Jenen drei Filmen, die sich mutig an den Start wagen, ist der Blick in die Vergangenheit gemeinsam. Was wiederum in die Zeit vor dem Jahreswechsel sehr gut passen will, wird diese doch traditionellerweise zur Rückschau (und zum Fassen wenig haltbarer guter Vorsätze) genutzt.
Neu im Kino: Da schauen nun also in einem Familiendrama drei Schwestern auf ihre schwierige Kindheit zurück; ein Filmemacher schaut in einem (auto)biografischen Doku-Essay auf das distanzierte Verhältnis zu seinem Vater zurück; und ein Historienfilm mit ordentlich Kostüm schaut ins Jahr 1402 zurück, in dem die Kalmarer Union einer schrecklichen Belastungsprobe unterzogen wurde. Wenn das kein Angebot ist.
Neu im Kino, Teil 1: In einer Mischung aus Roadmovie, Charakterstudie und Melodram verhandelt die aus einer algerischen Einwandererfamilie stammende Yamina Benguigui mit Schwestern (Soeurs) autobiografische Motive ebenso wie die sozial relevanten Themen Immigration und weibliche Selbstermächtigung. Als Bühnenautorin Zorah beschließt, in einem Theaterstück die Geschichte ihrer Familie aufzuarbeiten – die Mutter verlässt den gewalttätigen Vater, um mit den Töchtern nach Frankreich zu gehen; der Vater bleibt mit dem einzigen Sohn und Bruder zurück – reagieren ihre Schwestern Norah und Djamila und erst recht Mutter Leila zurückhaltend bis verärgert. Als dann auch noch der Vater einen Schlaganfall erleidet, reisen alle nach Algerien, wo sie die Vergangenheit mit Nachdruck einholt. Auch wenn es in Schwestern strukturell aufgrund mächtig vieler Rückblenden ein wenig hapert, so überzeugt der Film doch zum einen mit seinem unbedingten Enthusiasmus und zum anderen mit den schauspielerischen Leistungen von Rachida Brakni, Maïwenn und Isabelle Adjani in den Rollen der drei Schwestern.
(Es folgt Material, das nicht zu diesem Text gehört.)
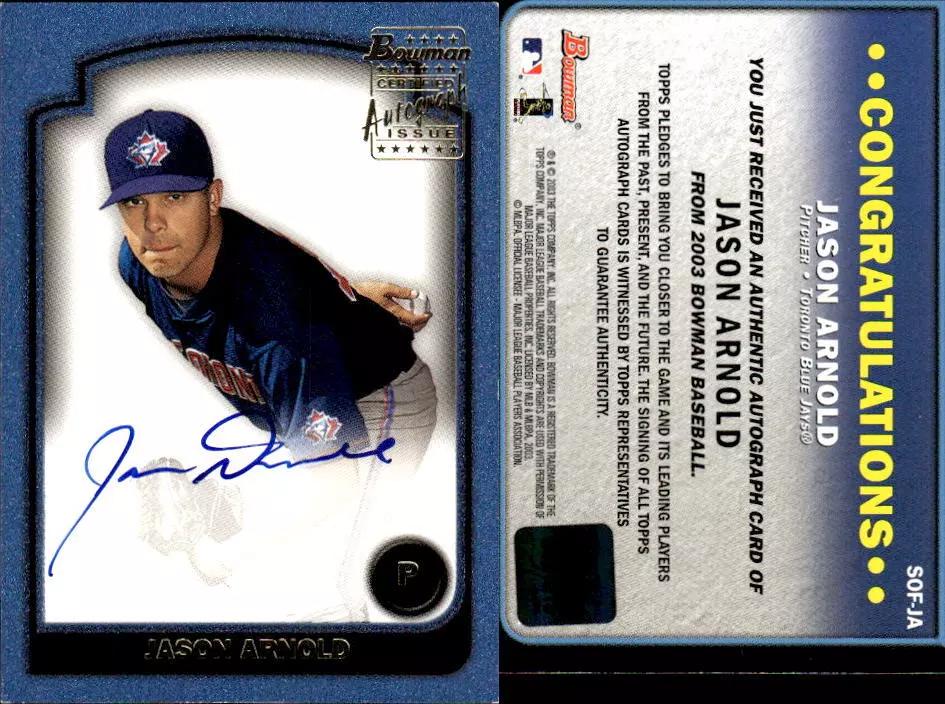 Jason Arnold #SOF-JA Baseball Cards 2003 Bowman Signs of the Future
Neu im Kino, Teil 2: Auch Andrea Segre hat mit seiner Familie ein Hühnchen zu rupfen, respektive mit dem Zeit seines Lebens auf Distanz gebliebenen Vater. Nunmehr selbst Vater geworden, unternimmt Segre, der Sohn und Filmemacher, das, was Filmemacher in einem solchen Fall eben zu unternehmen pflegen: Er dreht einen autobiografisch motivierten Film, Moleküle der Erinnerung (Molecole), um das Versäumte zu kompensieren, irgendwie. Zu diesem Behufe macht er sich auf in des Vaters Heimatstadt, nach Venedig, mit der er selbst nie so recht vertraut geworden ist, und will am Ort des väterlichen Aufwachsens dessen Wesen ergründen.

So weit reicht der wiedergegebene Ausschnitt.